MY NAME IS ALLEGANY COUNTY
by Craig Braack
On December 20, 1988, New York State announced that the county was one of ten host counties, statewide, selected for possible location of an innocuously named low-level nuclear waste storage facility (nuke dump). This came about as a result of the 1985 Federal Low-level Radioactive Waste (LLRW) Disposal Act that stipulated that each state must take ownership of its nuclear waste and build its own LLRW site or join a compact with other states.

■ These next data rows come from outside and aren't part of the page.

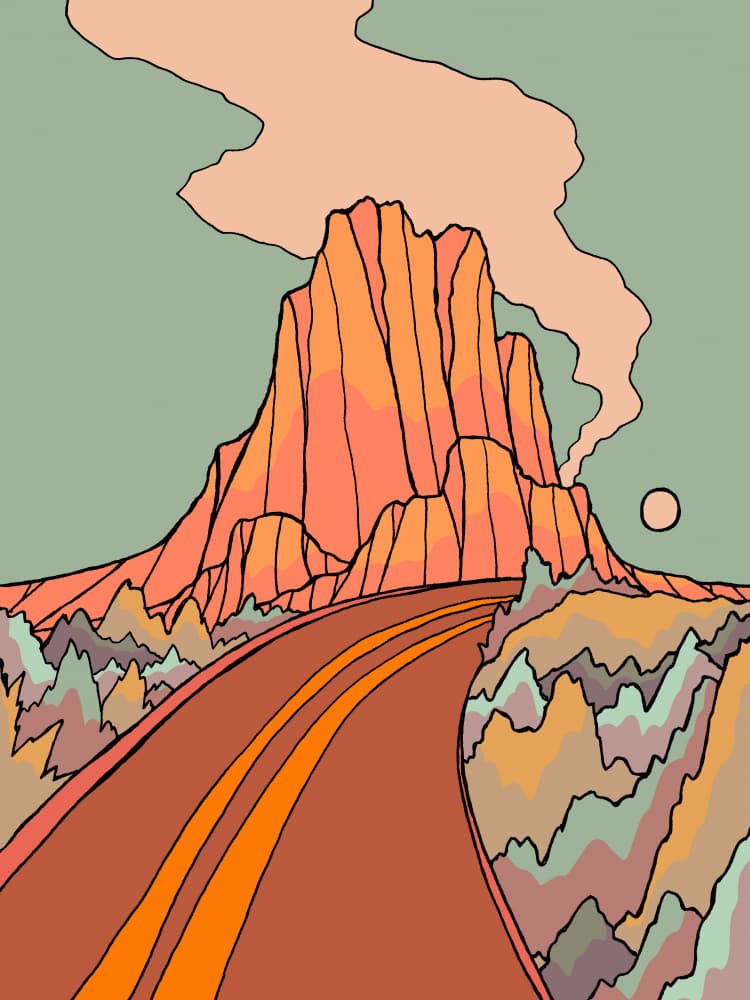 Retro Desert Journey by Stephen Wade — canvas wall art
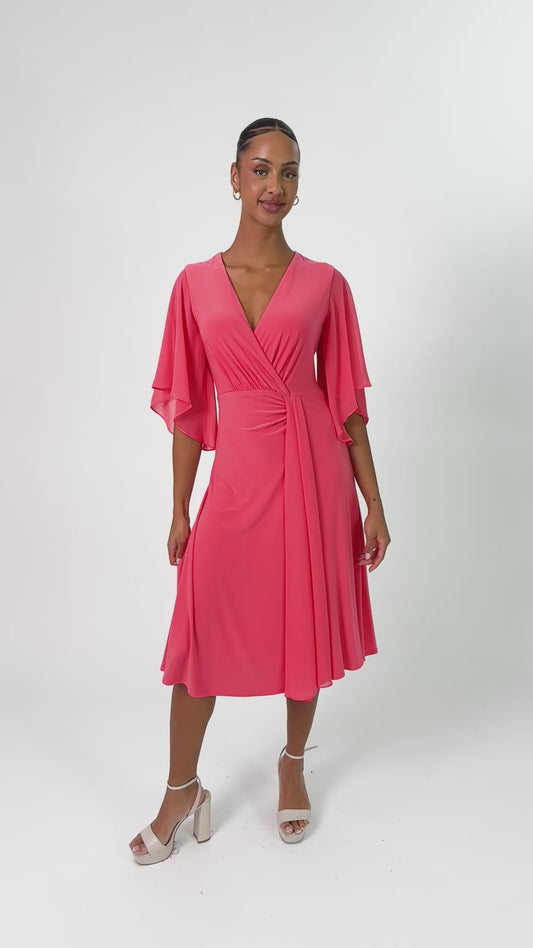 Fit & Flare Dress with Chiffon Draped Sash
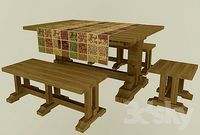 table, bench and stool in rustic style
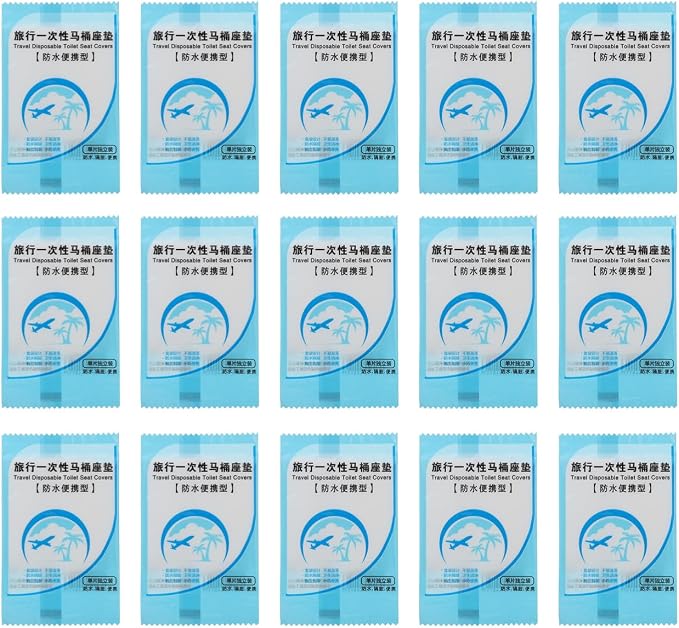 KICHOUSE Disposable Toilet Seat Covers 200 Pcs Portable Toilet Seat Cushion Pads Individually Packaged Travel Camping Public Restrooms Water Barrier Tear Resistant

A few citizens quickly reacted and a meeting was held at the Almond Historical Society museum to form a protect group, soon called “Concerned Citizens of Allegany County” (CCAC) The idea of protesting grew rapidly as the dumpsite selection team had scheduled a public hearing in Belfast on January 26, 1989. Response was overwhelming as five thousand people attended. One of the protest leaders during his turn at the microphone urged the massive crowd to stand and led them in unison with foot-stomping and a hand-clapping chant of “Hell No, We Won’t Glow. . .” The Siting Comission members in attendance must have realized the depth of resentment and determination of the county’s citizens to stop them, while the citizens realized how serious a situation this was to the future safety of their county. The stage for potential conflict was now set. The magnitude of
Allegany County’s “David” taking on New York State’s “Goliath” was suddenly felt by all in attendance.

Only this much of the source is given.